Le chat noir

Le sport en général, et le football en particulier, est un milieu où règne la superstition. On se souvient qu’il y a peu, un joueur de l’équipe de France était accusé d’avoir fait appel à un marabout pour jeter un sort à l’un de ses coéquipiers qui lui volait la vedette. C’est donc par crainte de porter malheur à son équipe que le président argentin, Alberto Fernandez, avait décidé de ne pas faire le déplacement au Qatar pour la finale de la coupe du monde contre la France. Une précaution que le président français a négligée, à tort, semble-t-il, puisque l’équipe a perdu le match à la loterie redoutable des tirs au but.

Emmanuel Macron n’a pas pu résister à la tentation de récupérer une victoire éventuelle pour se parer des plumes du paon et s’attribuer une partie du mérite qui revient aux joueurs. Il espérait bénéficier ainsi d’un effet « coupe du monde » comme en 1998. Lors de la compétition organisée en France, Jacques Chirac, qui n’y connaissait pourtant à peu près rien, avait gagné 18 points d’opinions favorables dans les sondages. Un état de grâce dont Emmanuel Macron n’a pas profité en 2018, où sa cote a baissé malgré la victoire en finale contre la Croatie. De mauvais esprits ont cependant suggéré que le retard de l’annonce de l’âge de départ à la retraite n’était pas sans rapport avec l’espoir d’une vague d’optimisme liée à un nouveau titre mondial. Et même si cet évènement n’avait aucun impact sur le moral des Français, c’est plus fort que lui, il faut qu’il se mette en avant et qu’il se fasse mousser. À part chausser les crampons et rentrer sur le terrain pour marquer le but victorieux, il aura tout essayé. On l’a vu tenter de consoler M’Bappé à l’issue du match et s’adresser aux joueurs dans les vestiaires comme s’il était leur nouveau sélectionneur, tout en utilisant son statut de président, au lieu de donner l’exemple de la dignité et de la discrétion.

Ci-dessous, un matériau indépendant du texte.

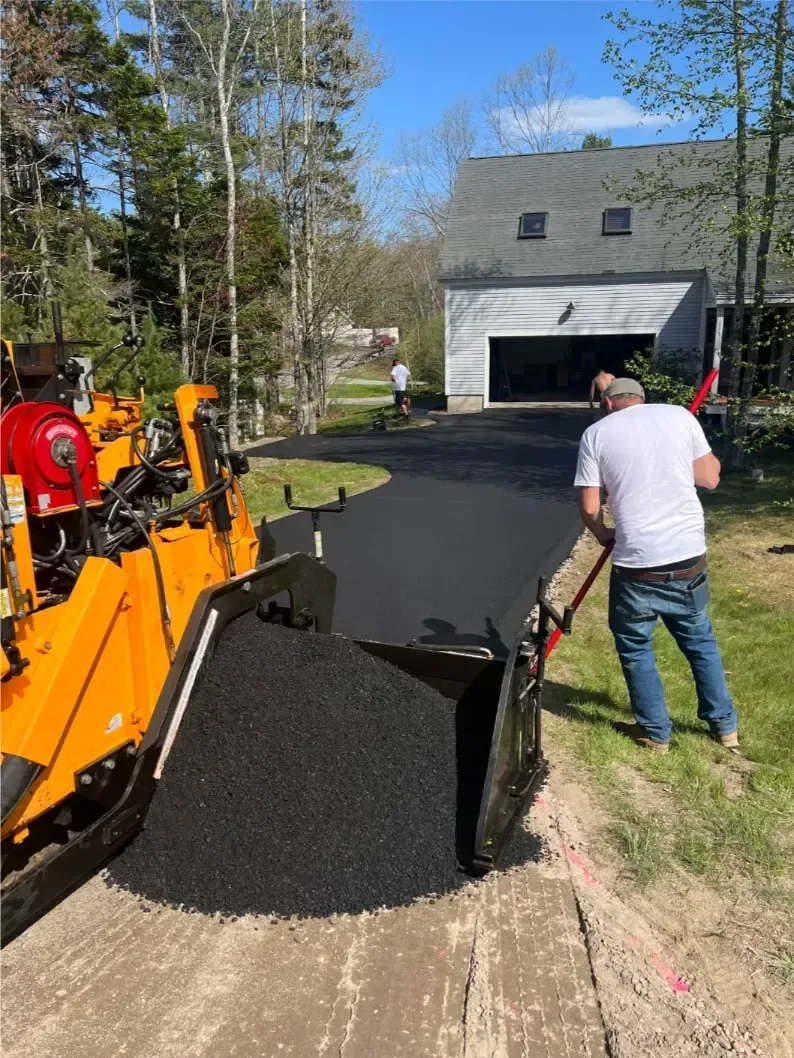 Blacktop being poured from an orange paver by a driveway beside a gray garage.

C’est Emmanuel Macron qui avait déclaré peu avant la compétition qu’il ne fallait pas politiser le sport. Il aura fait tout l’inverse. Au lieu de dénoncer les conditions de vie des travailleurs étrangers, il aura glorifié le pays organisateur, justifiant ainsi indirectement les discriminations et la politique du Qatar à l’égard des femmes et des minorités dans le pays. Il aurait au minimum pu s’en abstenir, lui qui se targue de « parler franchement » et de dire leur fait aux autres pays, y compris les États-Unis quand ils font preuve de protectionnisme. Avec des résultats aussi peu convaincants que ses discours volontaristes sur le football. On se demande parfois qui est le chat noir quand son équipe perd. Cette fois-ci, on sait.